Com a almofada no colo, muitas mães e avós cuidaram das suas famílias e ensinaram o fazer às suas crianças, que cresceram já arriscando um ponto e outro, às vezes “sob os cascudos da mãe que brigava que agulha era negócio precioso: não é brinquedo, não!”. A fala de Neta Ferreira, 52, ecoa na narrativa das meninas-teimosas da infância que buscavam nas agulhas um modo de vida ou distração e eram repreendidas pelas mães pelas estripolias com os pontos. Diz que é fácil aprender, em um dia já ensina o ponto básico, a trança, e que hoje se senta em frente à novela. “À noite, depois de ter terminado com os afazeres de casa não há quem atrapalhe, ponto por ponto, ganhar vida em peças coloridas de bilro”.

A roda de conversa foi acompanhada pelas defensoras Camila Vieira, Jacqueline Martins e Aline Pinho. A assessora de projetos, Camila Vieira apresentou o projeto e explicou que a iniciativa é uma necessidade de chegar mais próximo. “Amar Defensoria: um mar de direitos é um projeto que quer chegar mais perto das pessoas, garantindo às comunidades tradicionais – formadas por rendeiras, pescadores, marisqueiras e todos que vivem no litoral – um lugar para uma escuta ativa da população sobre suas necessidades. Nossa intenção é mapear e atender essas pessoas. Então, quem tá aqui é multiplicador e pode levar esta mensagem para outras mulheres que não conseguiram vir”, disse.

A defensora que atua no Trairi, Jacqueline Martins, relembrou a frase da escritora Cora Coralina: “o saber aprendi com os livros, a sabedoria com os humildes”. Para ela, “estar aqui hoje com essas mulheres, que são os tesouros vivos da nossa cultura, já diz que tenho muito mais a aprender com vocês do que a dizer. Estou de portas abertas, a Defensoria na realidade, para as demandas das rendeiras da região”.

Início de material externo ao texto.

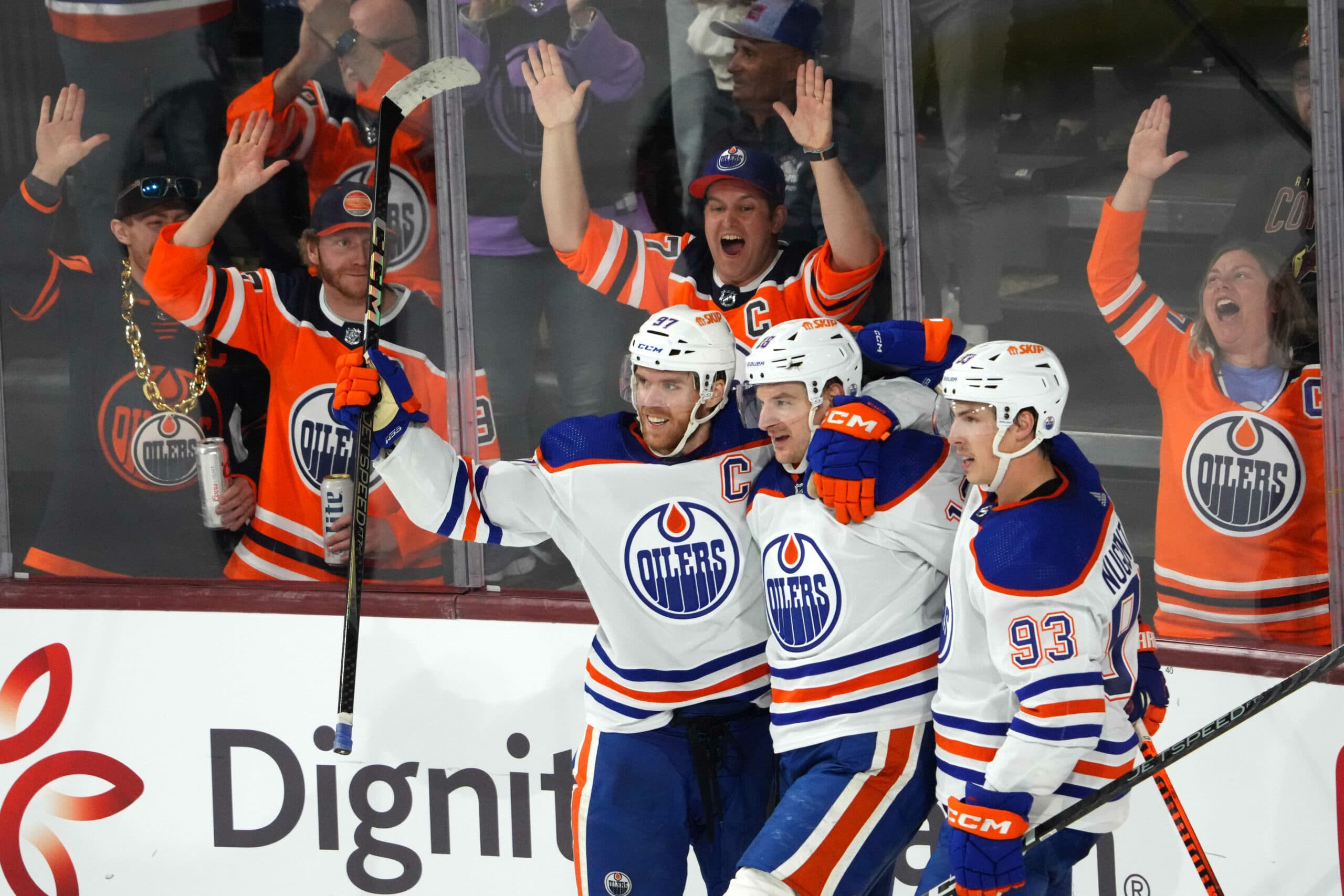 Edmonton Oilers celebrate goal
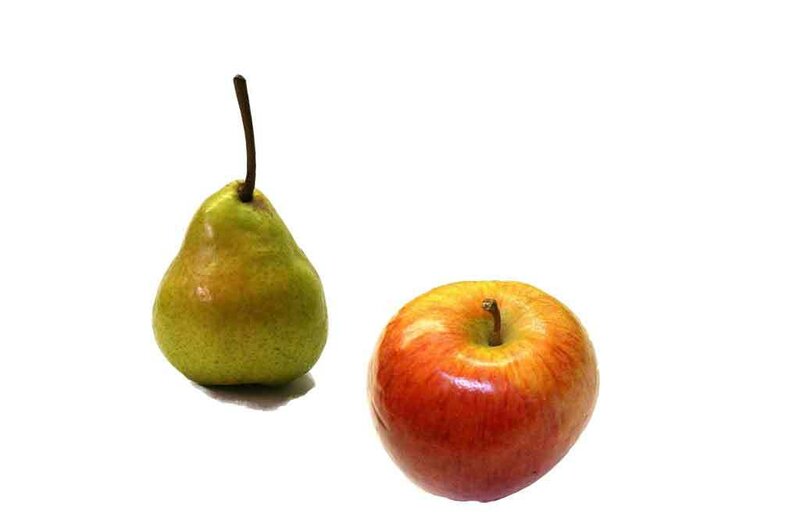 pear and apple on white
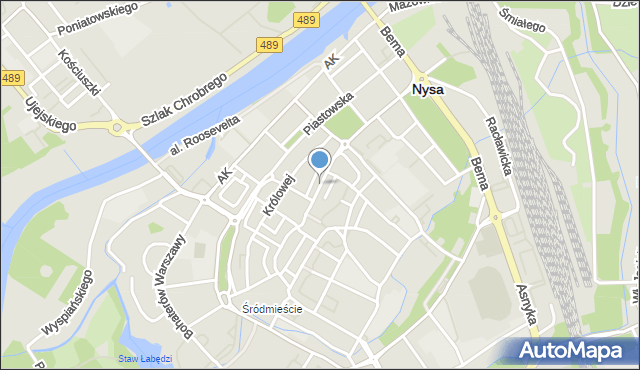 Nysa, Wrocławska, mapa Nysy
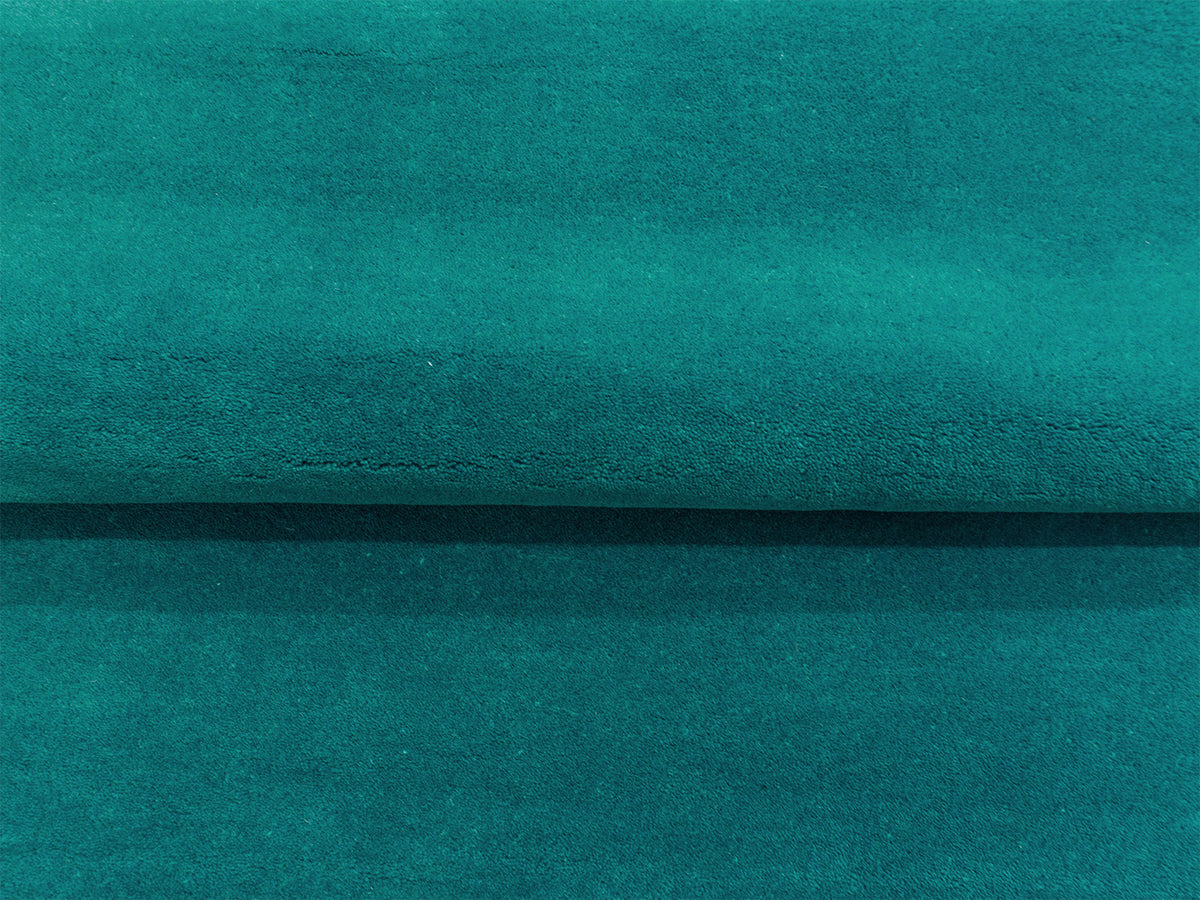 Minimalist teal solid area rug, handmade wool rug from India – photo 9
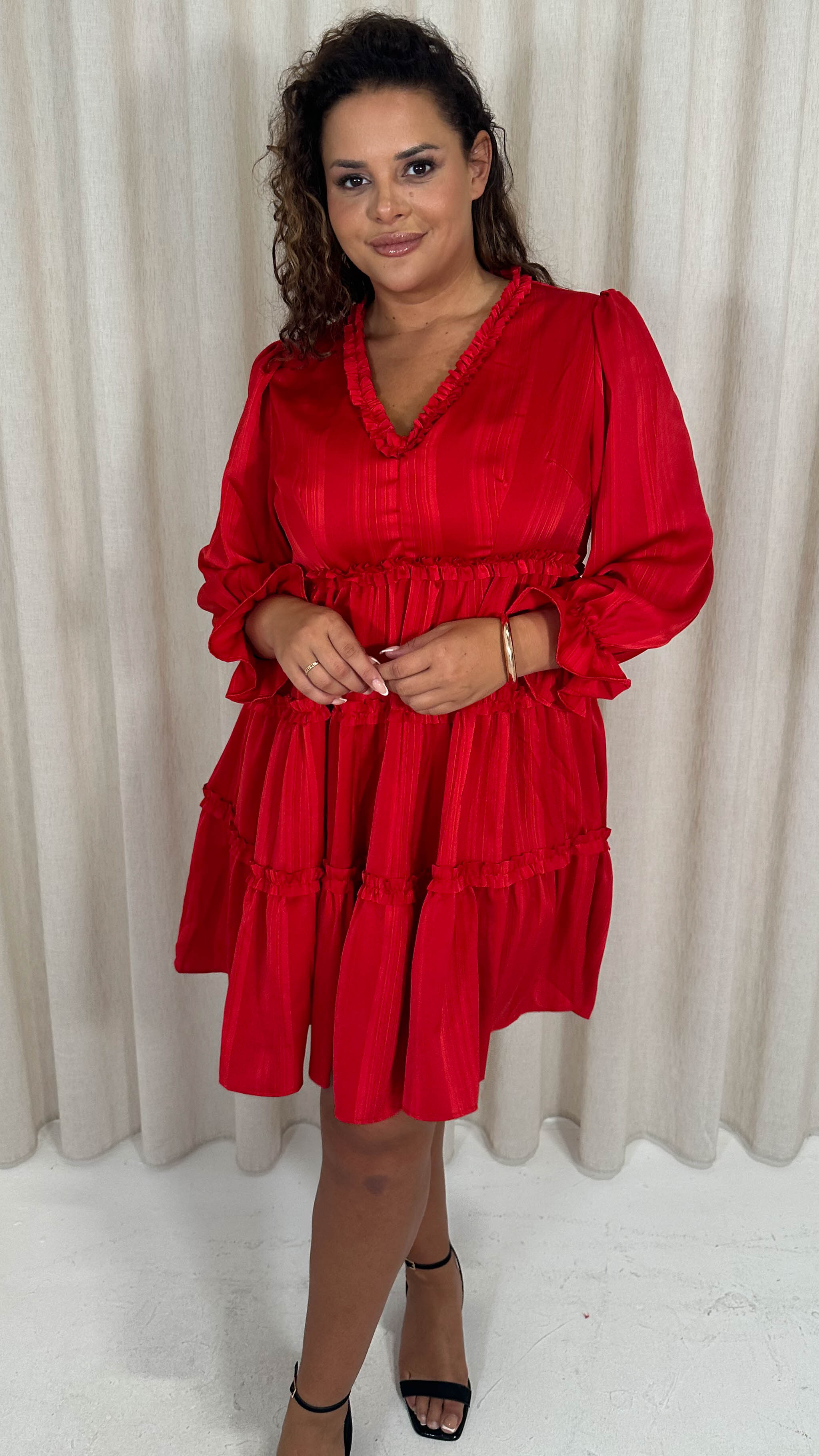 CurveWow Striped Satin Tiered Mini Dress Red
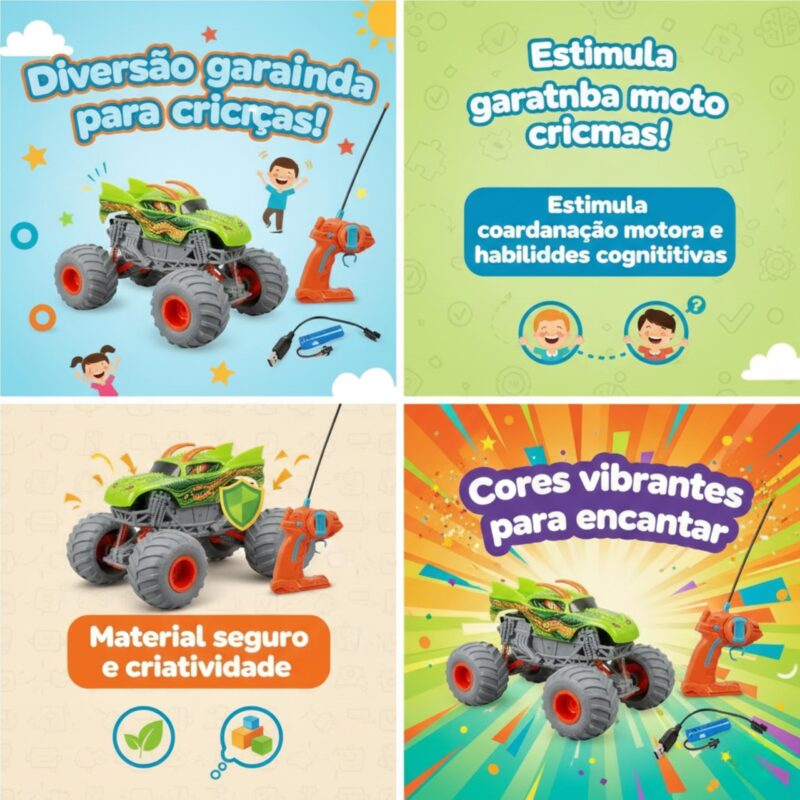   Carrinho de Controle Remoto Monster Truck Dragão Dinossauro 1:16 Off-Road 4×4 Luz LED – Brinquedo Infantil Menino e Menina Presente Ideal 4 5 6 7 8 Anos+ Recarregável Melhor que Tablet - brinquedo infantil da Kinderland Brinquedos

A ouvidora Joyce Ramos também acompanhou a conversa e destacou a representatividade de mulheres artesãs. “Nossa proposta é unir forças, um trabalho inicia aqui, mas não termina. A gente vai se fortalecendo, ampliando os espaços, já que estamos falando com mulheres que são porta-vozes das suas comunidades e ganhando ainda mais forças”. Ela disse: “o que estiver no nosso alcance, a gente vai transformar demandas em direitos”.

Representando o projeto Renda Gera Renda, Renata Ladeia, da Célula de Empreendedorismo de Impacto Social da Alece, trabalha com as rendeiras da região e ajuda a viabilizar a venda dos produtos. “Nos dedicamos a fazer a capacitação, o diálogo e a conversa com as mulheres para que a gente possa propagar a arte da renda. Um trabalho em rede na qual a Defensoria se soma”, pontuou.